Task requirements: An exact copy is needed of the lines in the entries below from the line with "Manufacturer OEM Make" up to and including the line with "Natural Ethiopian Opal", and of nothing else. Leave the pictures out.

Extracted information:
####
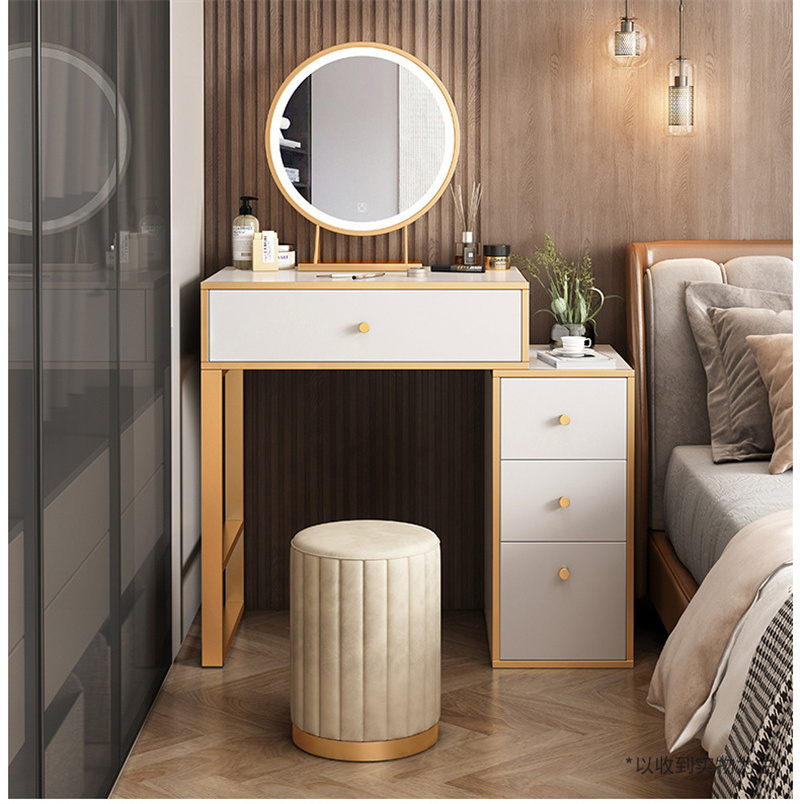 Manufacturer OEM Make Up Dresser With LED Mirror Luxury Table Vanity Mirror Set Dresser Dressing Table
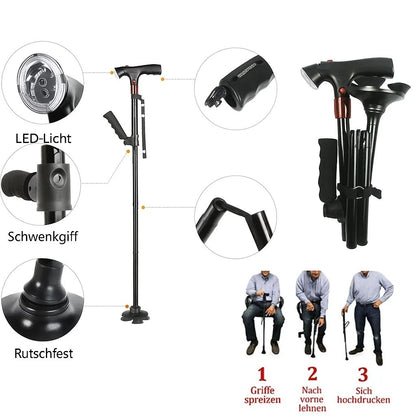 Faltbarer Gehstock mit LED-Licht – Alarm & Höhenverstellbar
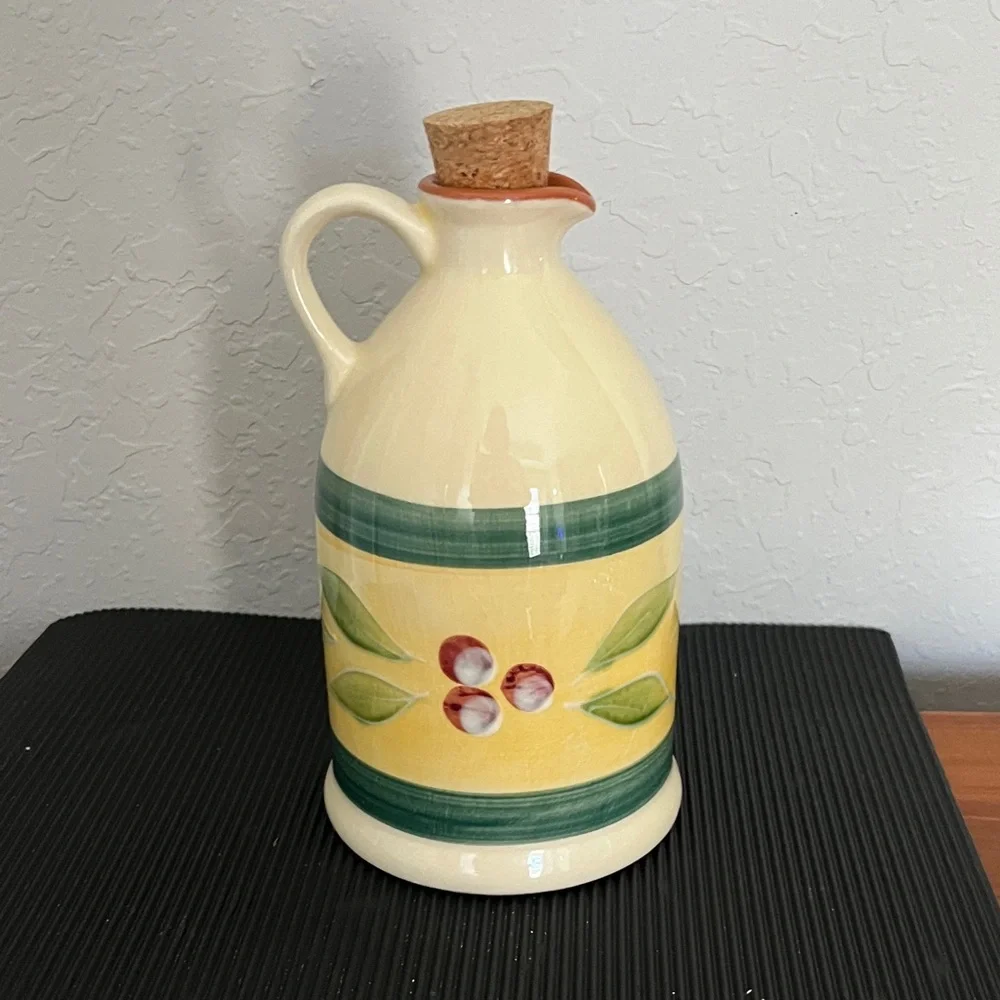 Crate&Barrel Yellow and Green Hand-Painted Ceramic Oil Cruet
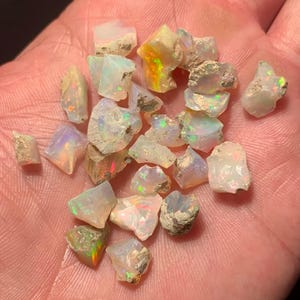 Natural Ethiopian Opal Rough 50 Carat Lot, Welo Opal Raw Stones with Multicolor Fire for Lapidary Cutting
####
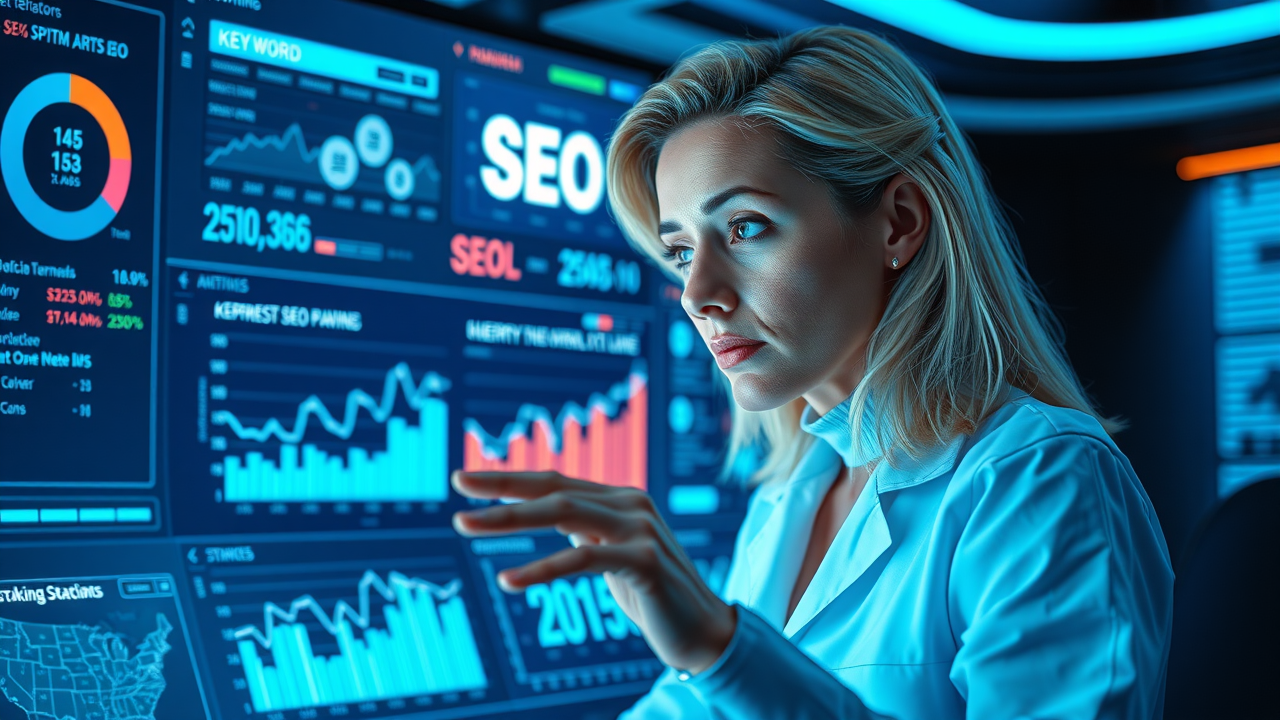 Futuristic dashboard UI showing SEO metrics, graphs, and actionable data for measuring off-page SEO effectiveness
####
Task output:
 Manufacturer OEM Make Up Dresser With LED Mirror Luxury Table Vanity Mirror Set Dresser Dressing Table
 Faltbarer Gehstock mit LED-Licht – Alarm & Höhenverstellbar
 Crate&Barrel Yellow and Green Hand-Painted Ceramic Oil Cruet
 Natural Ethiopian Opal Rough 50 Carat Lot, Welo Opal Raw Stones with Multicolor Fire for Lapidary Cutting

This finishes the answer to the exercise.